Publié le par GouxMathieu

http://gouxmathieu.free.fr/RessourceImages/Loomico.jpg  J'aime énormément les jeux dits de "point'n click". Pour le profane, disons simplement qu'il ne s'agit là en réalité que de jeux d'aventures se déroulant exclusivement à la souris : le joueur sélectionne à l'écran objets et directions, actions parfois, et le personnage de s'exécuter. La majorité de ces titres mettent l'accent sur l'histoire et sur l'ambiance : et Loom ne fera pas exception à cette règle.

 

  Dans un univers à la temporalité et la géographie mal définies, l'univers est scindé en deux mondes : le monde des vivants, que l'on croit être l'image sur une tapisserie, et le monde des morts, ce qui se situe derrière ce motif. Des guildes, associations ancestrales d'êtres aux pouvoirs fabuleux, se partagent les continents.
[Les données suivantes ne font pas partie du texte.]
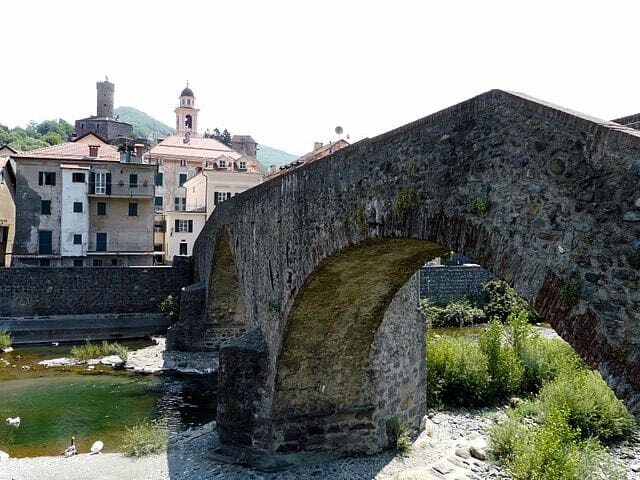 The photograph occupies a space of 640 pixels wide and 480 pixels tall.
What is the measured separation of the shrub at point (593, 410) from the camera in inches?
432

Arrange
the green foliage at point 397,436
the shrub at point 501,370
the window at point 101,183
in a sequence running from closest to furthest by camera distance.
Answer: the green foliage at point 397,436 → the shrub at point 501,370 → the window at point 101,183

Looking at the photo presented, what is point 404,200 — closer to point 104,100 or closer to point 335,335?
point 335,335

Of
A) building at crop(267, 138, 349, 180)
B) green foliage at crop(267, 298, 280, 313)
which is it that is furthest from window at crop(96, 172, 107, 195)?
green foliage at crop(267, 298, 280, 313)

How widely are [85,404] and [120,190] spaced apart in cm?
1744

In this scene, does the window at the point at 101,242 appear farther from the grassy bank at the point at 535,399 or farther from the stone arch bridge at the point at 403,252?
the grassy bank at the point at 535,399

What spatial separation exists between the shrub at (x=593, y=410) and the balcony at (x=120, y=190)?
77.5ft

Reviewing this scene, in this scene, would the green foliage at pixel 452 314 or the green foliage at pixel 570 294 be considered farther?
the green foliage at pixel 452 314

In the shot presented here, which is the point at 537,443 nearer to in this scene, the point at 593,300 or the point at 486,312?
the point at 593,300

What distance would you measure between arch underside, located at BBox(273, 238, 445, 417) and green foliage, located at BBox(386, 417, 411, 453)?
2.20ft

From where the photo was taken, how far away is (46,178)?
28.5 meters

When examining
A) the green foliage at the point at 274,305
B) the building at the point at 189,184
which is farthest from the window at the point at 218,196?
the green foliage at the point at 274,305

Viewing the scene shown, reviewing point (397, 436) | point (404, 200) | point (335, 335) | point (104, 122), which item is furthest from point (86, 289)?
point (104, 122)

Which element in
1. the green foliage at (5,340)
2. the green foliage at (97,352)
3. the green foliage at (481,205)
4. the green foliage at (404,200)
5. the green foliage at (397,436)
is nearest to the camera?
the green foliage at (481,205)

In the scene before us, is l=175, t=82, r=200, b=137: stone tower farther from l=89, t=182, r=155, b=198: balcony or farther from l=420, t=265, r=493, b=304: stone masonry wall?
l=420, t=265, r=493, b=304: stone masonry wall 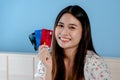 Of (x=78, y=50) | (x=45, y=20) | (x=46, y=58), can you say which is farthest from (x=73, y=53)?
(x=45, y=20)

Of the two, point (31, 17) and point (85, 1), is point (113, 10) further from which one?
point (31, 17)

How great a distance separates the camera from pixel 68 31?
3.50 ft

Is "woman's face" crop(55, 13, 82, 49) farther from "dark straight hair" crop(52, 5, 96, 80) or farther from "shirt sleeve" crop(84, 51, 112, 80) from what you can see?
"shirt sleeve" crop(84, 51, 112, 80)

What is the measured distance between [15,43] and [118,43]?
75 cm

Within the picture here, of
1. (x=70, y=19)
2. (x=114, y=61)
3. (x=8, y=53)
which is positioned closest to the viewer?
(x=70, y=19)

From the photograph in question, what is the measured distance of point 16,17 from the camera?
1630 millimetres

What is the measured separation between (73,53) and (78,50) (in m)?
0.04

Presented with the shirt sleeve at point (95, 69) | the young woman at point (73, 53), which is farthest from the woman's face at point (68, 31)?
the shirt sleeve at point (95, 69)

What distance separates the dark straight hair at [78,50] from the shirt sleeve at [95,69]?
0.03m

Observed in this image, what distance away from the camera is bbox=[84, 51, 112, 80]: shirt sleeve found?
3.53ft

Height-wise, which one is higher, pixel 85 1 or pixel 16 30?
pixel 85 1

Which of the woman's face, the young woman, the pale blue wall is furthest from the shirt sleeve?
the pale blue wall

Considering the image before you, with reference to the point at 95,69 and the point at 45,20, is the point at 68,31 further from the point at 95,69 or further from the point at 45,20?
the point at 45,20

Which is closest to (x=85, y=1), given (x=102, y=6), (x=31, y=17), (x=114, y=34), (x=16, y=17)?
(x=102, y=6) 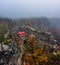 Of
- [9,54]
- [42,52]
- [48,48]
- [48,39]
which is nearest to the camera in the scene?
[9,54]

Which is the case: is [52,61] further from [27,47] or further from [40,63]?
[27,47]

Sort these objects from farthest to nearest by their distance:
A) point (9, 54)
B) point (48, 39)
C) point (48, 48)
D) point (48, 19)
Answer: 1. point (48, 19)
2. point (48, 39)
3. point (48, 48)
4. point (9, 54)

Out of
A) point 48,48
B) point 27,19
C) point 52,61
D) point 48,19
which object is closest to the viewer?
point 52,61

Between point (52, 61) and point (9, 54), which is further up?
point (9, 54)

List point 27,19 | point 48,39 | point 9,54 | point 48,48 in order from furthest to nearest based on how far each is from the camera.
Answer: point 27,19, point 48,39, point 48,48, point 9,54

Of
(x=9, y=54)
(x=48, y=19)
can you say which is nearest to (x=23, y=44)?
(x=9, y=54)

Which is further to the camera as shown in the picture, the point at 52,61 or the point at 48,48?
the point at 48,48

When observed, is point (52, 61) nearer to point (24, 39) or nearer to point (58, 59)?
point (58, 59)

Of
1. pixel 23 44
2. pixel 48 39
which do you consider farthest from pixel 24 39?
pixel 48 39

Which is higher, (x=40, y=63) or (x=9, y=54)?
(x=9, y=54) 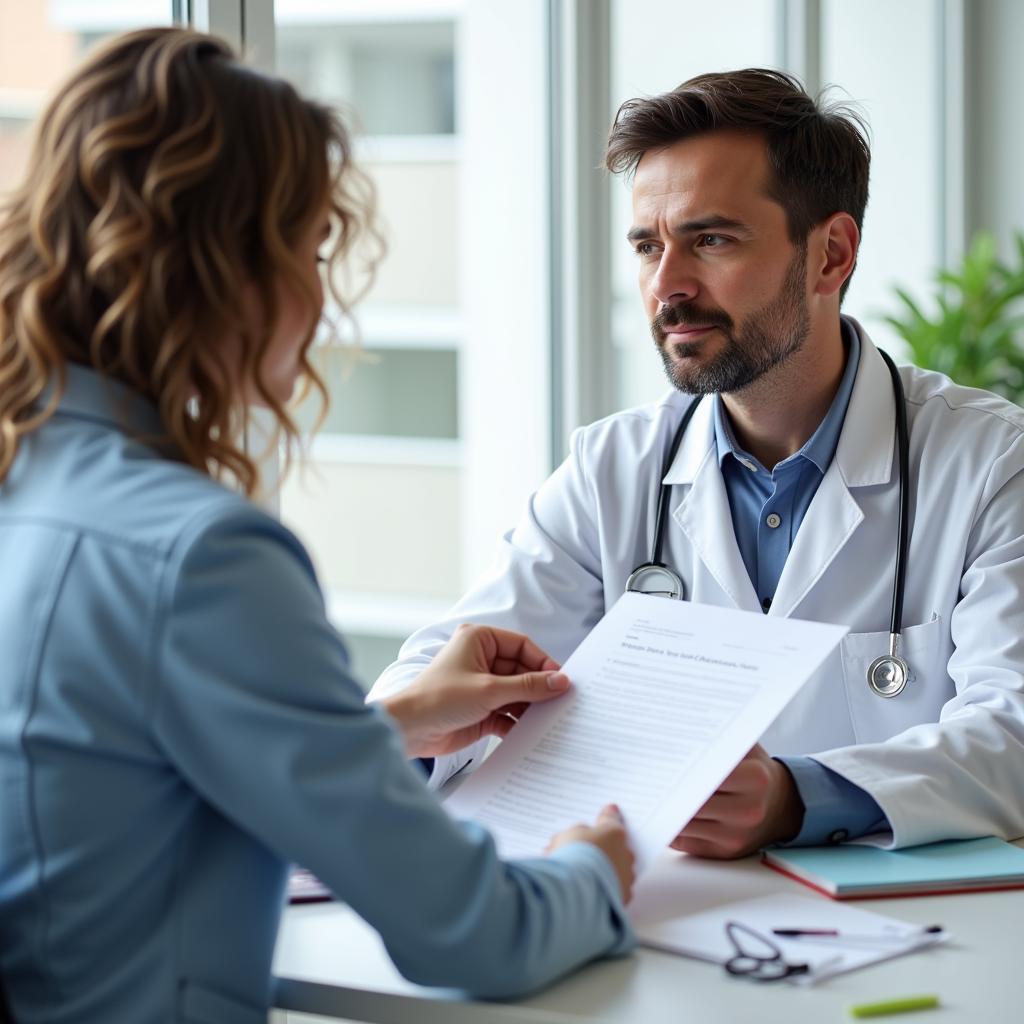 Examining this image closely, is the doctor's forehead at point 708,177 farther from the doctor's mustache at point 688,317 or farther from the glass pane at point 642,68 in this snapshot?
the glass pane at point 642,68

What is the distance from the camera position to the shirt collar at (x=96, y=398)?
2.98 feet

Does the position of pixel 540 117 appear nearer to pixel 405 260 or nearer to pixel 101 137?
pixel 101 137

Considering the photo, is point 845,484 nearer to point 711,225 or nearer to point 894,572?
point 894,572

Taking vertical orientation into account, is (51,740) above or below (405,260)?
below

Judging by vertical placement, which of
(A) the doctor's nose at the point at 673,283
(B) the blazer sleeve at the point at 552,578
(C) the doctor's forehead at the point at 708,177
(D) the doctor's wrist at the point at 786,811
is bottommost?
(D) the doctor's wrist at the point at 786,811

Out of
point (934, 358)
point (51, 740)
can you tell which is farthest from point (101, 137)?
point (934, 358)

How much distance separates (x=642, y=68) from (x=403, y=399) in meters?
3.77

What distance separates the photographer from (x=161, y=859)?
0.87 m

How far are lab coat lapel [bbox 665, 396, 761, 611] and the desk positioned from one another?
0.64 meters

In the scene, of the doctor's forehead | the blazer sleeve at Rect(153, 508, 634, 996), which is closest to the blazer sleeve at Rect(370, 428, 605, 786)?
the doctor's forehead

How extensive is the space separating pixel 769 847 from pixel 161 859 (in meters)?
0.60

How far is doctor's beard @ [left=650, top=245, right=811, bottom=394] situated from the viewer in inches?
70.9

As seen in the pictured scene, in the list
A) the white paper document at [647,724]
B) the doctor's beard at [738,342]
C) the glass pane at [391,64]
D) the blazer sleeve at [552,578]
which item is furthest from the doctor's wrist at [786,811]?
the glass pane at [391,64]

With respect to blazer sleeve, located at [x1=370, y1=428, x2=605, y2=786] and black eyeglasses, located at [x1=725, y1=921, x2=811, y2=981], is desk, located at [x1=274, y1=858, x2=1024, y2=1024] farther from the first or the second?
blazer sleeve, located at [x1=370, y1=428, x2=605, y2=786] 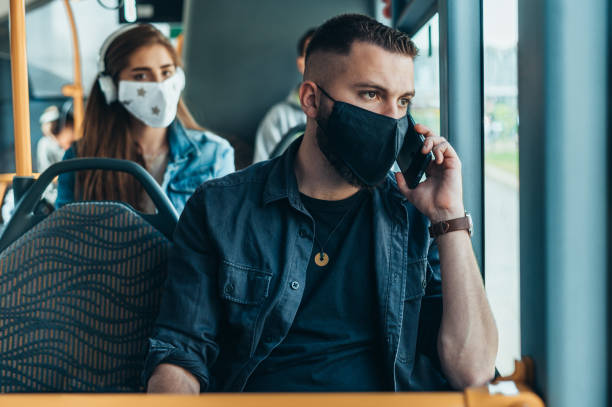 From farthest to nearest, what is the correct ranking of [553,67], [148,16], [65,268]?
[148,16]
[65,268]
[553,67]

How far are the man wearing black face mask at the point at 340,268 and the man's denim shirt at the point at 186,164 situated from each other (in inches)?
33.9

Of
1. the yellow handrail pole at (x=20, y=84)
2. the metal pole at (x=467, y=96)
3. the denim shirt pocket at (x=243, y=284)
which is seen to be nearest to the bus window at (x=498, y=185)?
the metal pole at (x=467, y=96)

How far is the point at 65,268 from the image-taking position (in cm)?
146

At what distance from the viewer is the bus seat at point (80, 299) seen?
1.41 meters

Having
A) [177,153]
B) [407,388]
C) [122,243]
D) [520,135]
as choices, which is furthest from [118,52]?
[520,135]

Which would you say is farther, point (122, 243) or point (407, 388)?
point (122, 243)

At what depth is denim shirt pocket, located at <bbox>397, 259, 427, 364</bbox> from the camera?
1.41 metres

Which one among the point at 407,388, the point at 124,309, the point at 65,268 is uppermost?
the point at 65,268

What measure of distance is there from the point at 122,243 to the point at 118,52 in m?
1.19

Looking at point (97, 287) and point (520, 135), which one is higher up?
point (520, 135)

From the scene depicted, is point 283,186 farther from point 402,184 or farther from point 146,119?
point 146,119

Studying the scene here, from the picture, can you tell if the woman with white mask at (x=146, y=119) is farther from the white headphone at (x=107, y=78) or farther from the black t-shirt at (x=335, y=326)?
the black t-shirt at (x=335, y=326)

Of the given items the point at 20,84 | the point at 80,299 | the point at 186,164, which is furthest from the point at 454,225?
the point at 20,84

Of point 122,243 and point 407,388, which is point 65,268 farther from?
point 407,388
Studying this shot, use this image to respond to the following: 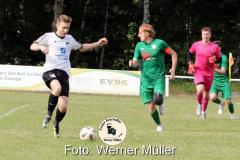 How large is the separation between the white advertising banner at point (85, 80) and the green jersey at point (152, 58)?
14422mm

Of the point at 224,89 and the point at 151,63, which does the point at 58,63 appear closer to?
the point at 151,63

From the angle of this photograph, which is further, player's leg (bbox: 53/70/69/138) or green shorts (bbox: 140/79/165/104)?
green shorts (bbox: 140/79/165/104)

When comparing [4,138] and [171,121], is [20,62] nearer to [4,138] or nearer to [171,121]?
[171,121]

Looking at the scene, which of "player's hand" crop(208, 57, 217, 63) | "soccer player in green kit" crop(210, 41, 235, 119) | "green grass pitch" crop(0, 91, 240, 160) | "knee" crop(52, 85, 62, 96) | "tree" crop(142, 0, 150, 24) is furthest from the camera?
"tree" crop(142, 0, 150, 24)

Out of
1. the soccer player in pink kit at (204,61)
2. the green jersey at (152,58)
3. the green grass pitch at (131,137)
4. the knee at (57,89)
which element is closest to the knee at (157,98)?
the green jersey at (152,58)

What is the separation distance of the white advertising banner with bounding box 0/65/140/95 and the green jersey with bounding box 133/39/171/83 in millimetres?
14422

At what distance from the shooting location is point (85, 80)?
25.0m

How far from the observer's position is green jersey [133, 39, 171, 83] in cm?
1000

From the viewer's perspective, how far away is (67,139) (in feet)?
29.2

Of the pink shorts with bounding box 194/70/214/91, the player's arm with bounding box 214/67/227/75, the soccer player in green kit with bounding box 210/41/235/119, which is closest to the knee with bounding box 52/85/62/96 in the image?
the pink shorts with bounding box 194/70/214/91

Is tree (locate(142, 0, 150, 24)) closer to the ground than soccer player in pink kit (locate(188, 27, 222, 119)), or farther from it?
farther from it

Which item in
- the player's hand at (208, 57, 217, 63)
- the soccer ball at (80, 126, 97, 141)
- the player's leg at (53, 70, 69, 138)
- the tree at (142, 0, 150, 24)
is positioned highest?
the tree at (142, 0, 150, 24)

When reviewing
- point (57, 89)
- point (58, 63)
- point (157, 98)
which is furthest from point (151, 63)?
point (57, 89)

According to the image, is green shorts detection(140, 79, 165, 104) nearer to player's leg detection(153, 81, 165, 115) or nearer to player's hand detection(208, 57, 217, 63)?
player's leg detection(153, 81, 165, 115) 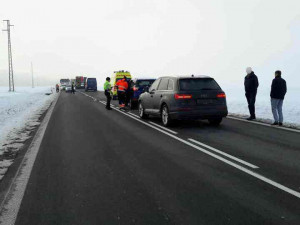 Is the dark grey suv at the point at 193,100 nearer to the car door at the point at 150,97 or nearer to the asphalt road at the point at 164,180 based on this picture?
the car door at the point at 150,97

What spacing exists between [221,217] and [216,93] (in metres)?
7.77

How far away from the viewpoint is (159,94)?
483 inches

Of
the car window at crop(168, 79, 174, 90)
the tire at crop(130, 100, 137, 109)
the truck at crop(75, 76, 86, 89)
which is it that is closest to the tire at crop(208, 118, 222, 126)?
the car window at crop(168, 79, 174, 90)

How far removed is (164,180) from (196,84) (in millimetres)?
6435

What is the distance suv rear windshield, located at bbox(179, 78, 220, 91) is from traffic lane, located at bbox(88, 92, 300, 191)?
1.31 metres

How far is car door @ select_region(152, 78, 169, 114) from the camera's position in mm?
A: 12038

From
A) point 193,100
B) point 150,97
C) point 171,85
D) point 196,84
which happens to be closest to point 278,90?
point 196,84

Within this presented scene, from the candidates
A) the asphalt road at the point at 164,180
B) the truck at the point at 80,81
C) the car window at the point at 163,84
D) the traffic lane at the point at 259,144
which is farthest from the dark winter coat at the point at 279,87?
the truck at the point at 80,81

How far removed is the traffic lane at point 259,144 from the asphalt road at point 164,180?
2cm

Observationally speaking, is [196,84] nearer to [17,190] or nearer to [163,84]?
[163,84]

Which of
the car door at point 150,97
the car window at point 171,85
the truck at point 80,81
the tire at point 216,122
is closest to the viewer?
the car window at point 171,85

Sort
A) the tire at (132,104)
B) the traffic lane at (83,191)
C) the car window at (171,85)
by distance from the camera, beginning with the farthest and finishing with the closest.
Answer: the tire at (132,104) → the car window at (171,85) → the traffic lane at (83,191)

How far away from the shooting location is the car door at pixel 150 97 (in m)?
13.0

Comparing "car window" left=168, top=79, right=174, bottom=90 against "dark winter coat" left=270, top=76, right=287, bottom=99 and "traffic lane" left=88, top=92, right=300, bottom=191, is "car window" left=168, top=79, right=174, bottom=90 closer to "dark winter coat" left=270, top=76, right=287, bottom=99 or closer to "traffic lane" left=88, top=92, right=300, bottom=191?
"traffic lane" left=88, top=92, right=300, bottom=191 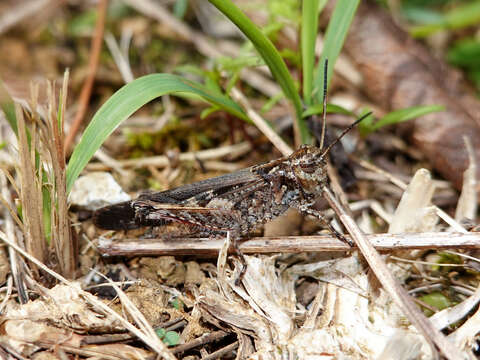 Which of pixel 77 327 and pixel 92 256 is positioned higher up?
pixel 92 256

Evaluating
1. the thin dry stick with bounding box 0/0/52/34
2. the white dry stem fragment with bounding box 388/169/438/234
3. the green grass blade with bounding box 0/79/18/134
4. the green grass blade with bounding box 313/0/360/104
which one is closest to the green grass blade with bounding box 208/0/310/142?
the green grass blade with bounding box 313/0/360/104

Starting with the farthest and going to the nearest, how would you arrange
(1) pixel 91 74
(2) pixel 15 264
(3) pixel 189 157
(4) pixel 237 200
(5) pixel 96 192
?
(1) pixel 91 74
(3) pixel 189 157
(5) pixel 96 192
(4) pixel 237 200
(2) pixel 15 264

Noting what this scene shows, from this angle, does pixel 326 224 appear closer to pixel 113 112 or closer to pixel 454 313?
pixel 454 313

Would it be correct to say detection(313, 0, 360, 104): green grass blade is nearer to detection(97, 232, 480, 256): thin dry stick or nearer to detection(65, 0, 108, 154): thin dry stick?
detection(97, 232, 480, 256): thin dry stick

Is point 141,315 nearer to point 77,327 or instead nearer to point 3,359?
point 77,327

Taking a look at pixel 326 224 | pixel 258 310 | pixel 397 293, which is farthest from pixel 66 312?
pixel 397 293

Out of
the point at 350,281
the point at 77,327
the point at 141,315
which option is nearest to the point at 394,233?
the point at 350,281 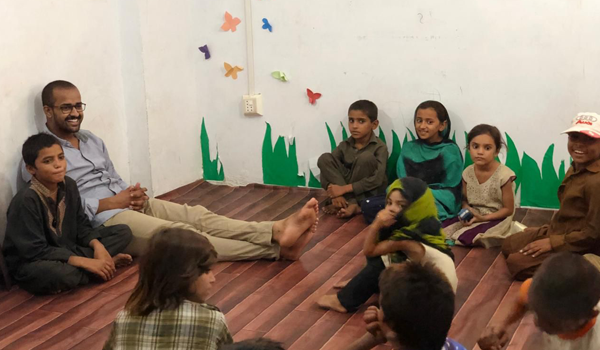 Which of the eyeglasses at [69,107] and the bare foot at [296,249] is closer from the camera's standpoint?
the bare foot at [296,249]

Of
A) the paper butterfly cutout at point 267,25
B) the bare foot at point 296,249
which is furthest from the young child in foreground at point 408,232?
the paper butterfly cutout at point 267,25

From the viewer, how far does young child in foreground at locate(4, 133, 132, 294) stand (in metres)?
3.00

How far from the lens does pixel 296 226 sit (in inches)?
125

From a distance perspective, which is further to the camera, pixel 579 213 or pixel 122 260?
pixel 122 260

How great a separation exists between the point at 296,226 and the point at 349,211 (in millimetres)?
824

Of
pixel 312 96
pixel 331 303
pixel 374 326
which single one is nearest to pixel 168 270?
pixel 374 326

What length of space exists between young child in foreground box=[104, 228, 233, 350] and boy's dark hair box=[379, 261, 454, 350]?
51 cm

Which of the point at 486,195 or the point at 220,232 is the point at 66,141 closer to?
the point at 220,232

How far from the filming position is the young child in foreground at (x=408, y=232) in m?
2.52

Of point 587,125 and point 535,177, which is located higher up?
point 587,125

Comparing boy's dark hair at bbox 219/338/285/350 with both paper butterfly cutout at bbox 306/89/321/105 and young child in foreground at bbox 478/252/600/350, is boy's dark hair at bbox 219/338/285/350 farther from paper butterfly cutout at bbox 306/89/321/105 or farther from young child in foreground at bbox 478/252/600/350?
paper butterfly cutout at bbox 306/89/321/105

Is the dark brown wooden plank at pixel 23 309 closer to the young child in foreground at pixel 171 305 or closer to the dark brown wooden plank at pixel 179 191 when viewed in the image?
the young child in foreground at pixel 171 305

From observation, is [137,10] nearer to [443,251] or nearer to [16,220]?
[16,220]

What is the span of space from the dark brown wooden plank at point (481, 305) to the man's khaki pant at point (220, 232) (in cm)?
98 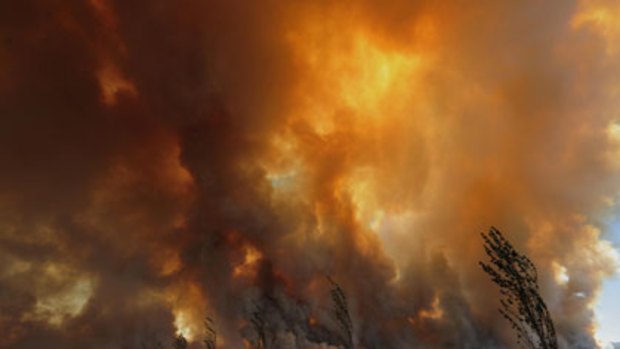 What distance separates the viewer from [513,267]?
18.8 meters

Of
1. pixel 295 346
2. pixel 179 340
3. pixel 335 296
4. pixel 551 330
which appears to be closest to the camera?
pixel 551 330

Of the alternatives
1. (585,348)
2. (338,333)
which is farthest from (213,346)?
(585,348)

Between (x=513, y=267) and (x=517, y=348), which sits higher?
(x=517, y=348)

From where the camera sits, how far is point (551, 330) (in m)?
16.4

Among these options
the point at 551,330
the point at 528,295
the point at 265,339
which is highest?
the point at 265,339

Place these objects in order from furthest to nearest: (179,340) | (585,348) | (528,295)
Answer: (585,348), (179,340), (528,295)

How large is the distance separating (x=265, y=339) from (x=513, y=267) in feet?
220

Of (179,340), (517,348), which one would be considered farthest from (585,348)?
(179,340)

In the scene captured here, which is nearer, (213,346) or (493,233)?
(493,233)

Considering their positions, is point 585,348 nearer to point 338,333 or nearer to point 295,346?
point 338,333

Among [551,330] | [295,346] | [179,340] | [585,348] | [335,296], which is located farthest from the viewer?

Leur nombre est infini, même si le jeu ne nous en présente que quelques unes : la guilde des bergers, élevant des moutons et possédant l'art de l'invisibilité ; la guilde des verriers, grands créateurs de vitraux, possédant de nombreuses reliques en cristal et notamment de ces sphères capables de lire l'avenir ; la guilde des forgerons, capables de créer des armes dont la puissance rivalise avec le divin ; enfin, la guilde à laquelle appartient le héros, Bobbin, la guilde des tisserands, dont les habits sont les plus beaux de la planète.

  À l'aube du dix-septième anniversaire de ce dernier, le voilà appelé par les sages au sanctuaire, peut-être pour être introduit au noble art du tissage. Car les magiciens de cette guilde peuvent parler et lire dans le "Loom", un gigantesque métier à tisser qui créa, dit-on, l'univers entier. Seulement, un évènement imprévu de survenir, et son clan d'être changé en cygnes... À lui de lever le voile sur cette grande affaire.

  Le jeu désarçonne les habitués, amateurs des Monkey Island et autres Sam & Max hit the road!. L'interface est limitée ; point d'objets à ramasser ; pas de lignes de dialogue à sélectionner. L'essence du jeu tient en l'utilisation d'une quenouille enchantée, capable de lancer de nombreux sorts composés de notes de musique. Il appartient au joueur d'annoter ces partitions, car elles lui seront utiles le long de l'aventure.

  Quand bien même le jeu semble court et d'une relative facilité, il reste une grande expérience vidéoludique. La bande sonore, empruntant ses sonorités au Lac des Cygnes de Tchaïkovski, nous transporte dans un autre univers, et les décors, somptueux, jouent constamment sur l'effet de relief et la lumière, autre composante, en marge du son, importante du titre.

  Il convient de dire également que deux suites avaient été planifiées, mais ne virent jamais le jour. Cela se ressent en cours de partie, tant certains événements restent sans explications, que l'univers appelle à être étendu.

  Mais cela ne restera que dans l'univers des possibles : et le rêve qui s'ensuit après avoir joué à Loom appartient encore au métier à tisser de légende...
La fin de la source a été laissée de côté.